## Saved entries
○ ○ ○ ○ ○ ○ ○

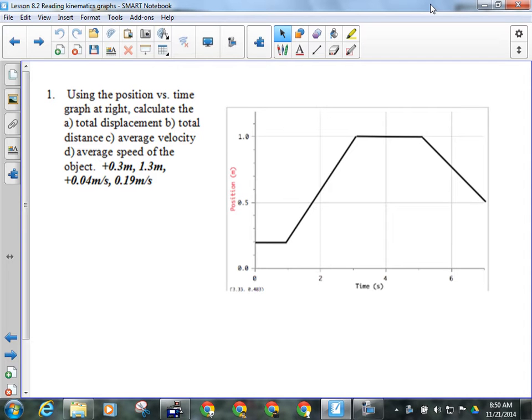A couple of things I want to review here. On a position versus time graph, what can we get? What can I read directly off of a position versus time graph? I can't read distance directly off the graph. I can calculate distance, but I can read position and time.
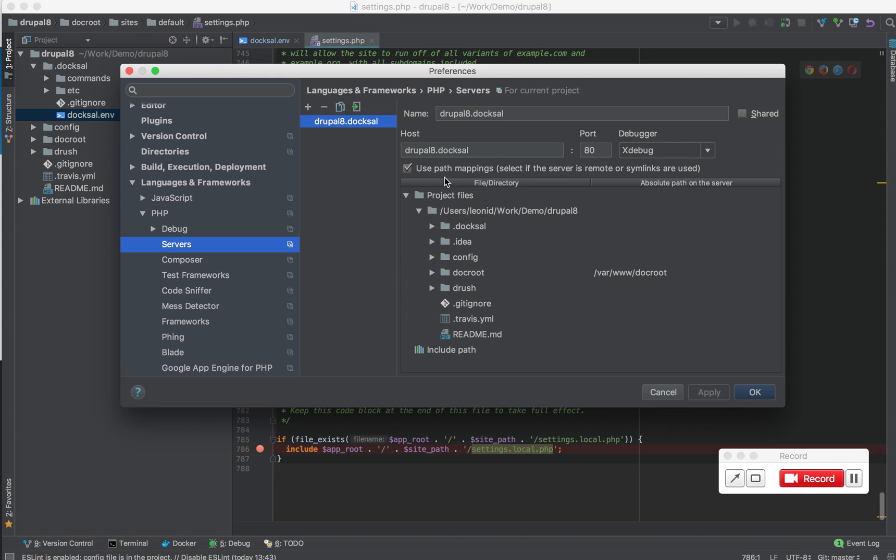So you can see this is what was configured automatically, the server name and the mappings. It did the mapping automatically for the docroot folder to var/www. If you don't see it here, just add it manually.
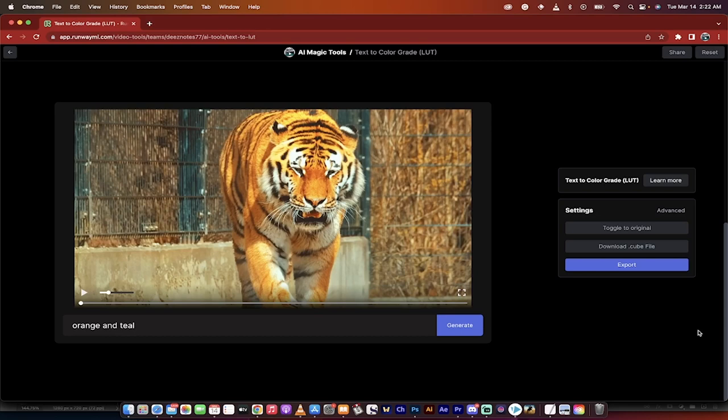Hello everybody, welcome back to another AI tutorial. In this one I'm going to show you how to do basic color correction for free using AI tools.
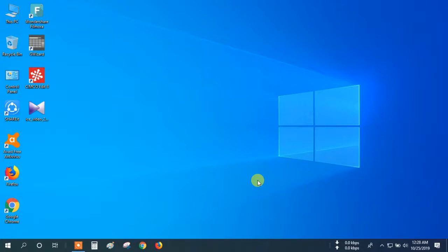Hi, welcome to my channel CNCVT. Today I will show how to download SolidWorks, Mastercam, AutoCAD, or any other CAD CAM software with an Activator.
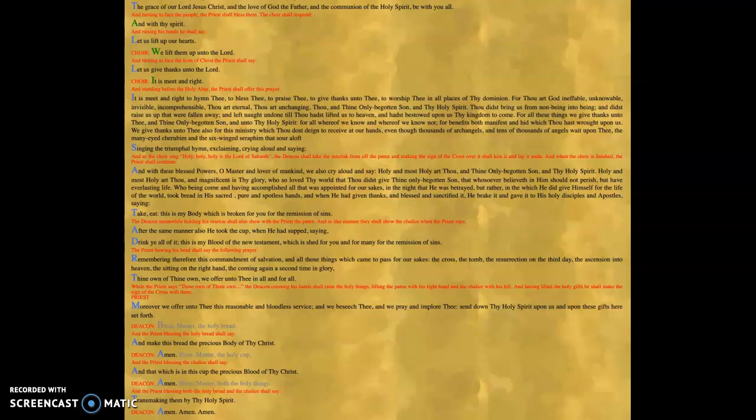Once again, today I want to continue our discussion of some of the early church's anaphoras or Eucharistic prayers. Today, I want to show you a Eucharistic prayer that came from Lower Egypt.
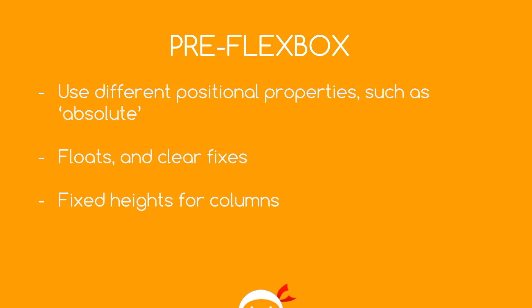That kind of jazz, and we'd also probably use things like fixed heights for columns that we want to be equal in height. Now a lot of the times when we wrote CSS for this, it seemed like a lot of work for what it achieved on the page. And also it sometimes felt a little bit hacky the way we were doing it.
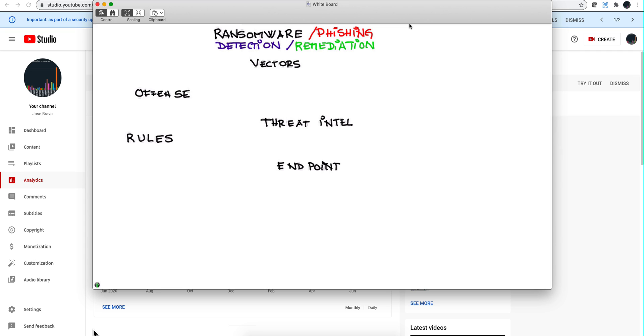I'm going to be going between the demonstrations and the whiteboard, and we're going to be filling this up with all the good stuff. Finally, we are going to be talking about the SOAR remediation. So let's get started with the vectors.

○ ○ ○ ○ ○ ○ ○

## TASK TO CARRY OUT
In the answer, include exactly the lines from the one containing "So you can see" through the end of the records above and no pictures at all.

## ANSWER TO THIS TASK
So you can see this is what was configured automatically, the server name and the mappings. It did the mapping automatically for the docroot folder to var/www. If you don't see it here, just add it manually.
Hello everybody, welcome back to another AI tutorial. In this one I'm going to show you how to do basic color correction for free using AI tools.
Hi, welcome to my channel CNCVT. Today I will show how to download SolidWorks, Mastercam, AutoCAD, or any other CAD CAM software with an Activator.
Once again, today I want to continue our discussion of some of the early church's anaphoras or Eucharistic prayers. Today, I want to show you a Eucharistic prayer that came from Lower Egypt.
That kind of jazz, and we'd also probably use things like fixed heights for columns that we want to be equal in height. Now a lot of the times when we wrote CSS for this, it seemed like a lot of work for what it achieved on the page. And also it sometimes felt a little bit hacky the way we were doing it.
I'm going to be going between the demonstrations and the whiteboard, and we're going to be filling this up with all the good stuff. Finally, we are going to be talking about the SOAR remediation. So let's get started with the vectors.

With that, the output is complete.